— Task requirements —
Every line of the listing must be reproduced as it stands. Leave the images behind.
[[ Information provided, beginning ]]
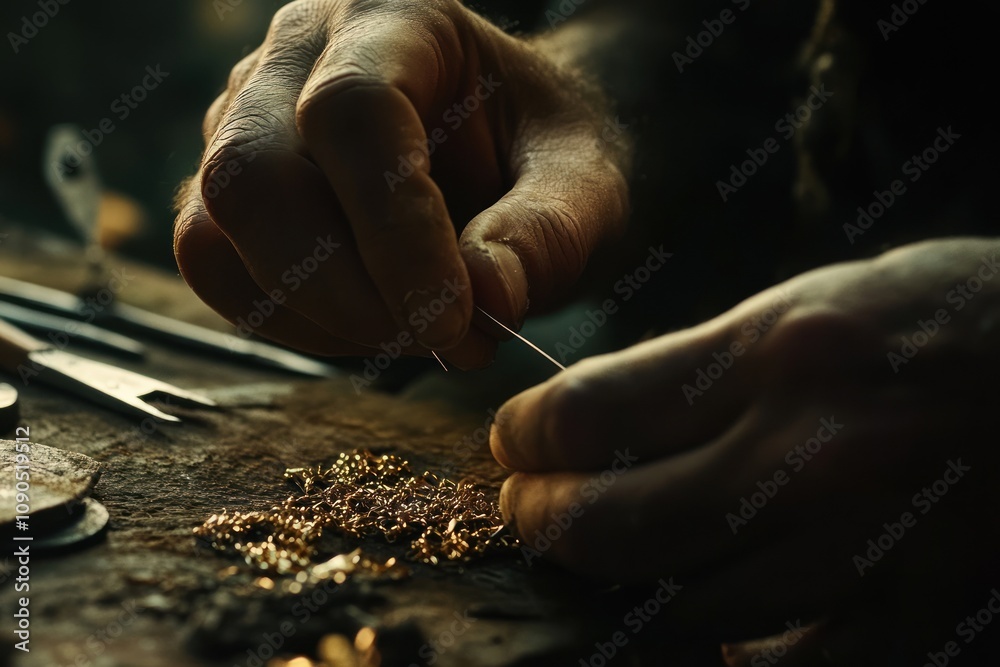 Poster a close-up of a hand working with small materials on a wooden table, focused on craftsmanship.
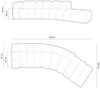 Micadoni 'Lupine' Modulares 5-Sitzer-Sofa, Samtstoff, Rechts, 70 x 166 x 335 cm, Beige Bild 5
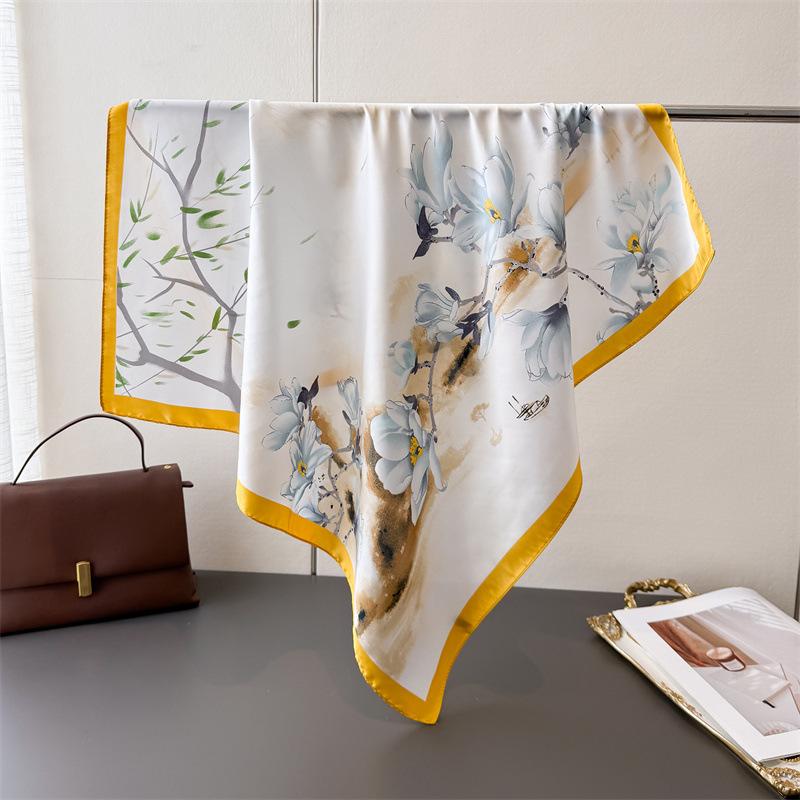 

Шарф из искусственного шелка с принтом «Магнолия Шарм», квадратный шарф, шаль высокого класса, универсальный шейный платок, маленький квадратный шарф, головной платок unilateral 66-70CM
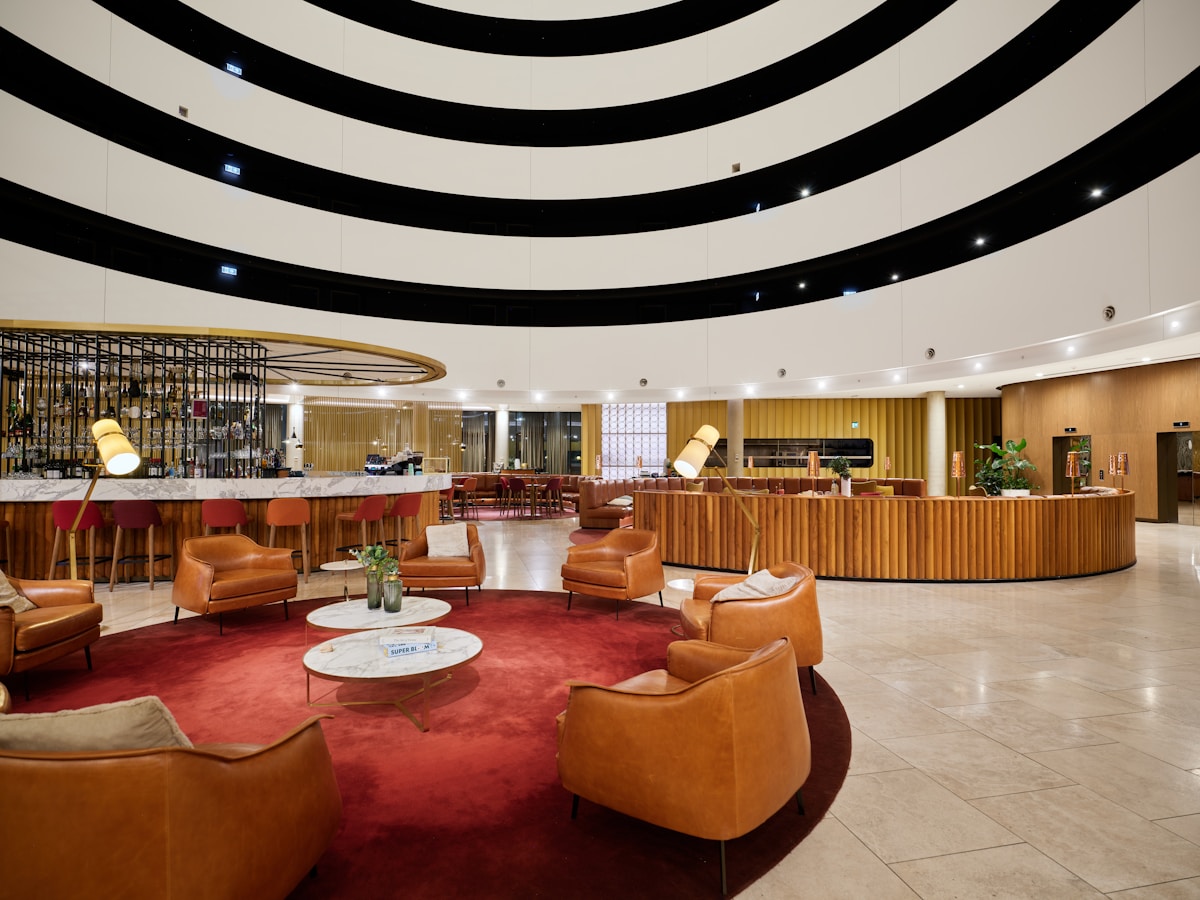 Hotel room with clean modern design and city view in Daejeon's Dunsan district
[[ Information provided, end ]]
— Expected answer —
 Poster a close-up of a hand working with small materials on a wooden table, focused on craftsmanship.
 Micadoni 'Lupine' Modulares 5-Sitzer-Sofa, Samtstoff, Rechts, 70 x 166 x 335 cm, Beige Bild 5

Шарф из искусственного шелка с принтом «Магнолия Шарм», квадратный шарф, шаль высокого класса, универсальный шейный платок, маленький квадратный шарф, головной платок unilateral 66-70CM
 Hotel room with clean modern design and city view in Daejeon's Dunsan district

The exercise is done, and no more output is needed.